But when she moved to B.C. from Alberta in 2000 as a single mother with her three young sons Ryan, Ritchie and Reagan — who were between the ages of five and eight — times were tough.
The boys’ father battled drug addiction which led to the couple breaking up and Renee moving west to start over.
With their father not involved in their lives and moving to a place where they had no family, things were not easy.
“Needless to say, life was quite a bit of a struggle for us,” Renee said. “And it always has been.
“It took me a little while to get back to work and to get back in the swing of things after moving here.
“We had what we needed to get by and that was it; there wasn’t room for anything extra. There was not even $5 to put towards sports.”
With no registration cost to join a flag football league, she signed up all three boys. But eventually it was going to cost money to keep her kids in organized sport and Renee knew the values she learned from playing as a child.
“Sports was a huge part of my childhood and I wanted them to have that mentoring that sports provides and to get out there with other kids,” the Abbotsford resident explained.
Sports taught her about self-esteem, independence, strength, camaraderie and mentorship, all things she wanted to instill in her children.
Ron Bunting, the principal at Shortreed Elementary in Aldergrove where her boys were students, mentioned the Canadian Tire Jumpstart program as a way to help the family out.
Jumpstart is a nationally registered charity dedicated to removing financial barriers so kids across Canada have the opportunity to get off the sidelines and into the game.
According to a Vision Critical 2011 study, one in three Canadian families cannot afford to enroll their child in organized sport and physical activity.
The program is for kids between the ages of four and 18 and helps families with the costs associated with registration, equipment and/or transportation for sports.
Jumpstart provides financial assistance for families who can’t afford to enroll their kids in organized sport, and has helped more than 730,000 kids in the past nine years.

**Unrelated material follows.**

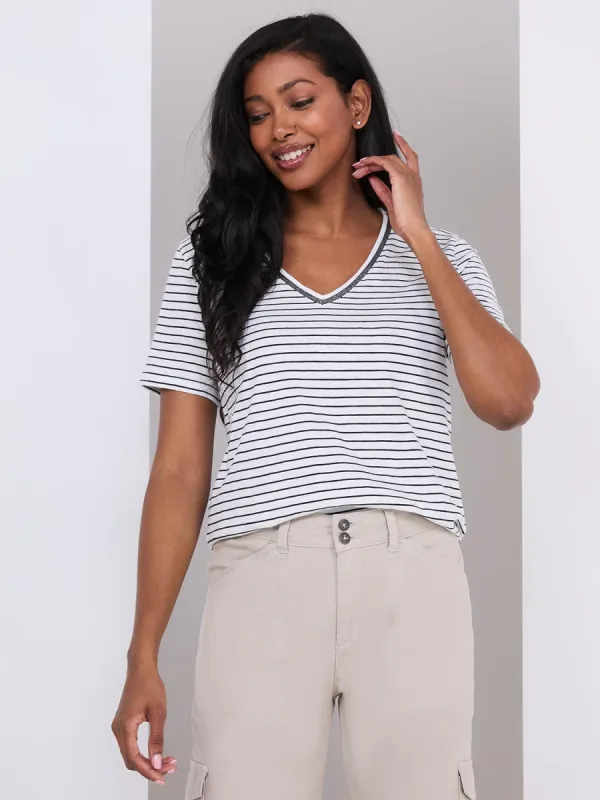 Striped V-Neck T-Shirt With Metallic Detail sold by Suzy Shier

One hundred per cent of every donation stays in the community in which it was made.
With the help of Jumpstart, all three boys played football and baseball.
Asking for help can be difficult.
“They definitely had to overcome that,” she explained about any stigma about needing help.
“It was hard for them to have to use second-hand equipment, it was hard for them to not have the nicer clothes or sports equipment or whatever, but that being said, they all excelled and became better young men because of sports.”
They were also helped by the local associations, who sometimes didn’t make them pay the registration costs if the family was short, Renee added.
“They never knew how I managed to get them into sports,” Renee said. “That being said, I always made them aware that there was a lot of generosity that made it possible for them.”
Reagan, the youngest, excelled the most of the three, especially in football with the Langley Minor Football Association and at Rick Hansen Secondary.
The 19-year-old is still involved in football, hoping to play junior this season. And he knows that without Jumpstart, none of this may have happened.
“Without Jumpstart and the help of my coaches, I wouldn’t have been able to play,” he said.
“I love sports; they definitely give kids who don’t have much something to do. It gives them a purpose and confidence and sports are perfect for that.”